Task details —
Exact copy, no pictures: return only the lines below from the line with "bedlam-ballet-dancer-single-fitted-sheet-pinkback" up to and including the line with "Produktbild Regatta Clumber".

The input —
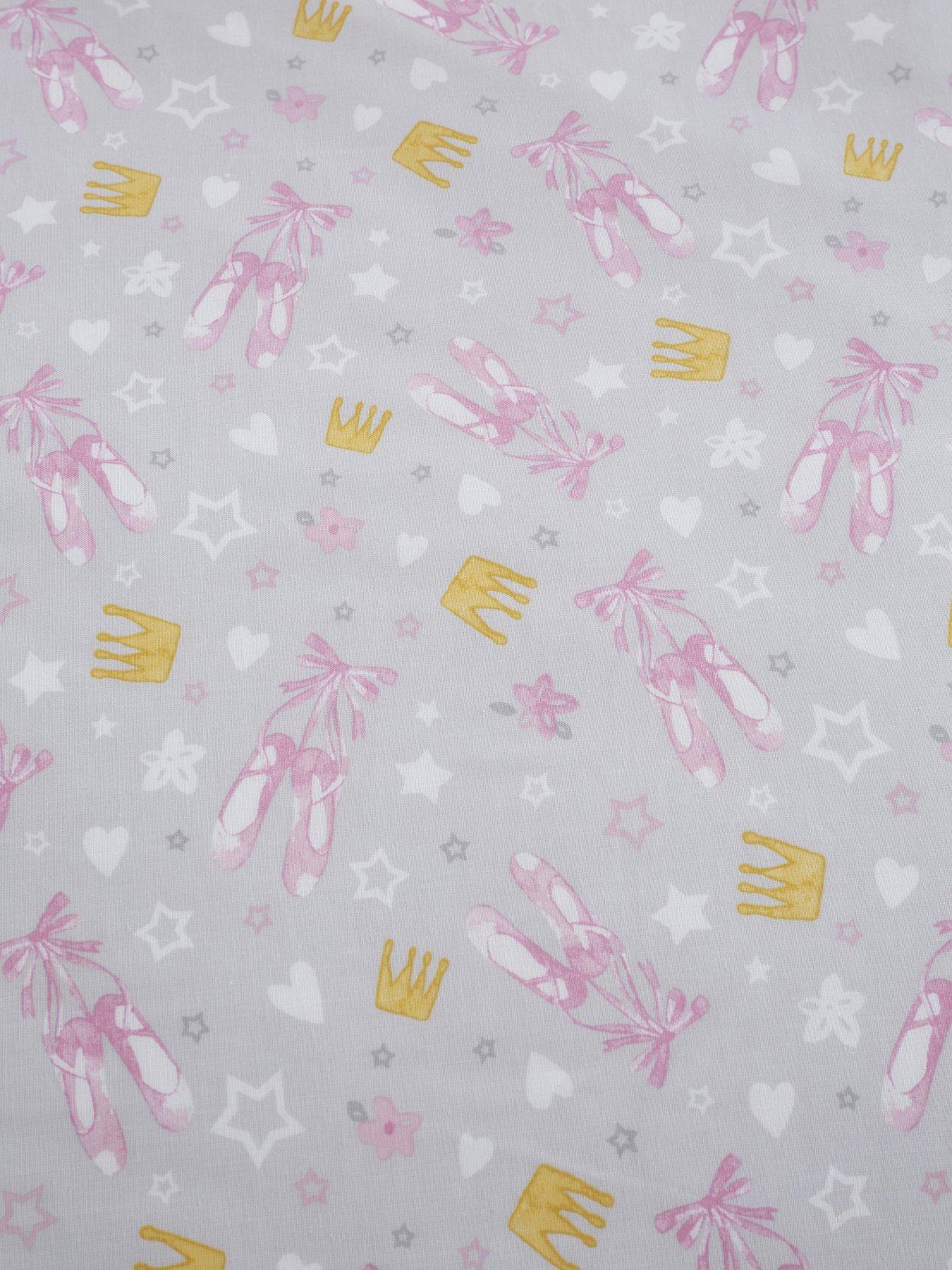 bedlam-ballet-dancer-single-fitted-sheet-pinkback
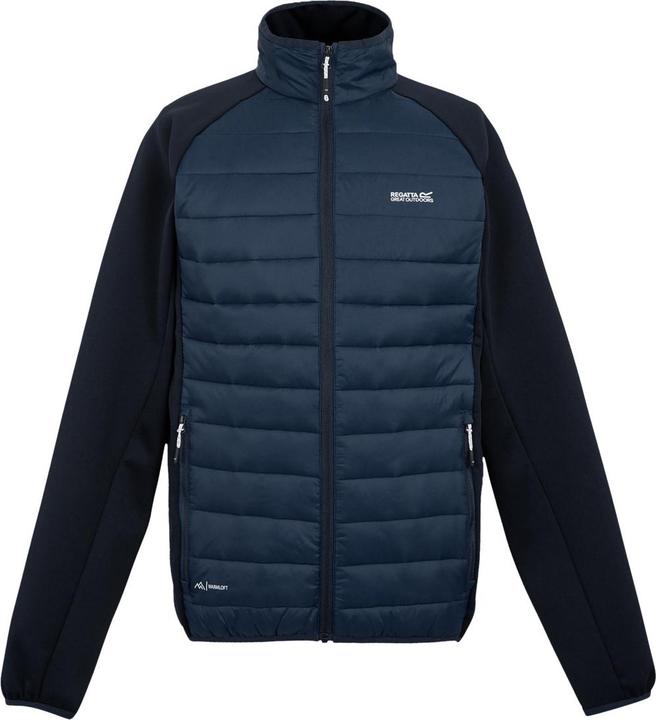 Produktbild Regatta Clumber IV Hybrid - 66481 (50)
==
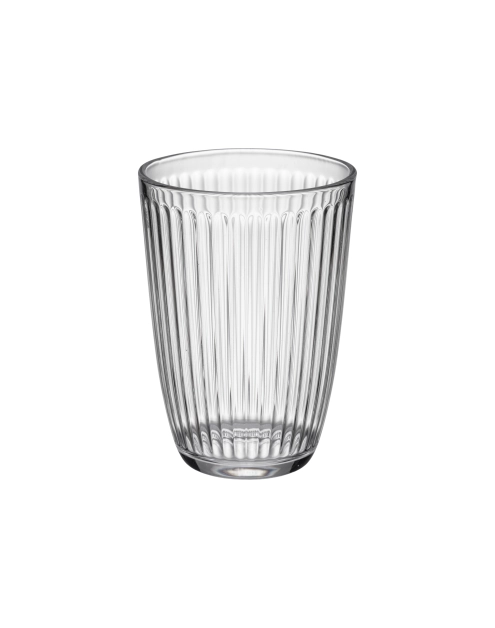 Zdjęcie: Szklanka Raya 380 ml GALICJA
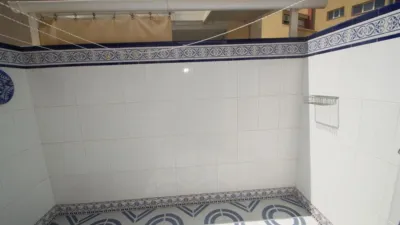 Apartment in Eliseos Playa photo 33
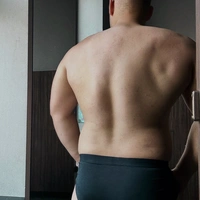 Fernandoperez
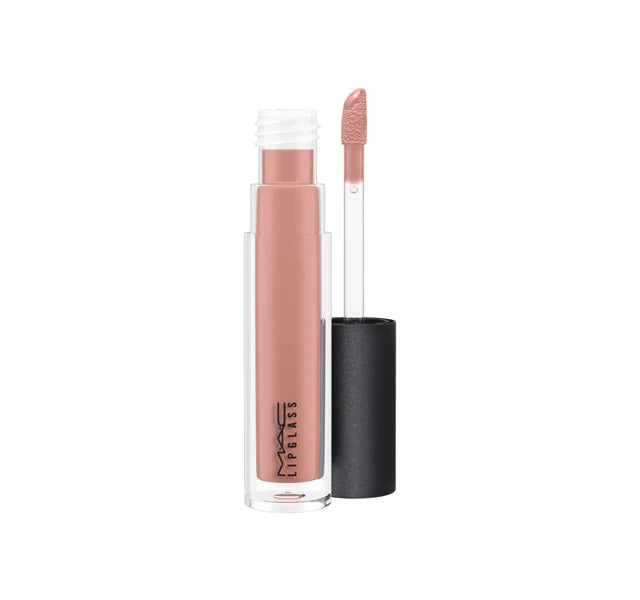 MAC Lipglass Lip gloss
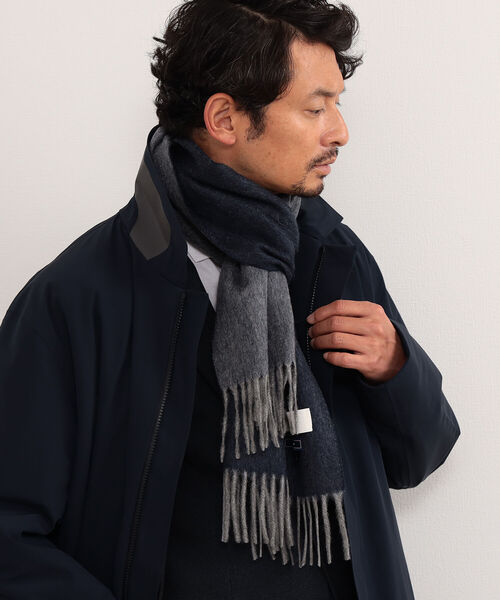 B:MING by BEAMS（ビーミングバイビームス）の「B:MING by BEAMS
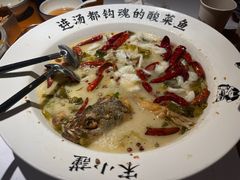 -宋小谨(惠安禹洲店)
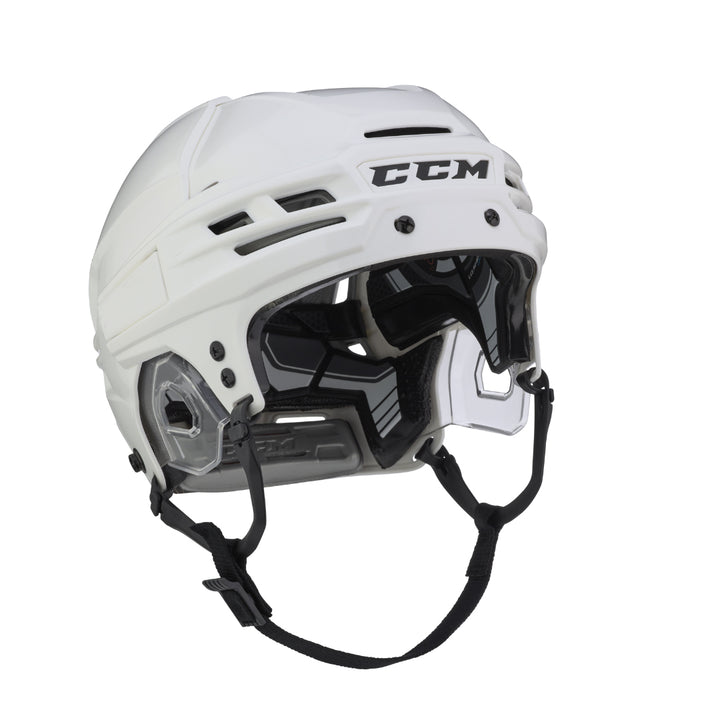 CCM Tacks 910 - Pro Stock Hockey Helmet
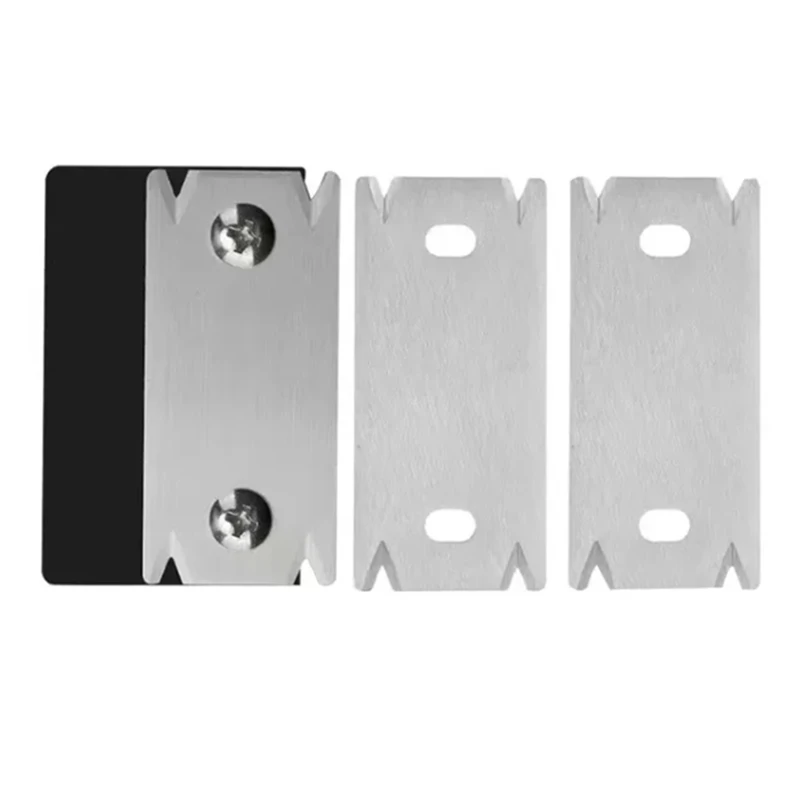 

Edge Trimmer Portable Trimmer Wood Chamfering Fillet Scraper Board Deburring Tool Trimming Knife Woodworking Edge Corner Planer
---
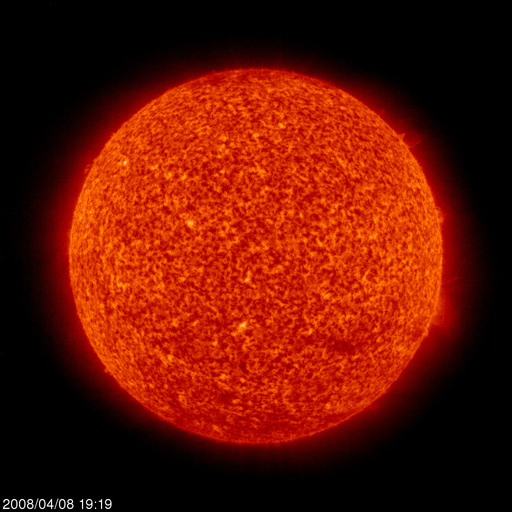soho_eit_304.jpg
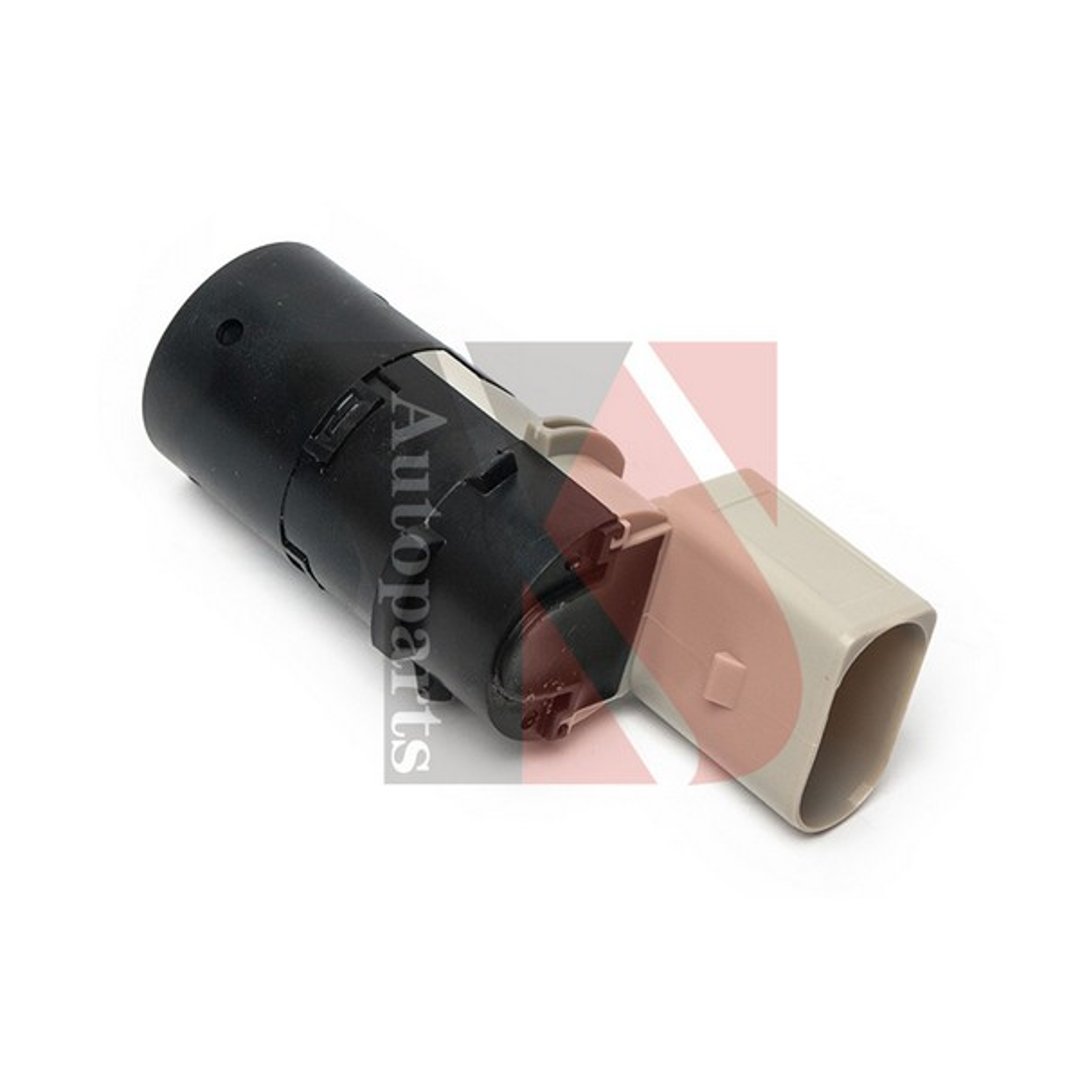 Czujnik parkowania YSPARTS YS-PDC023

Result of this exercise —
 bedlam-ballet-dancer-single-fitted-sheet-pinkback
 Produktbild Regatta Clumber IV Hybrid - 66481 (50)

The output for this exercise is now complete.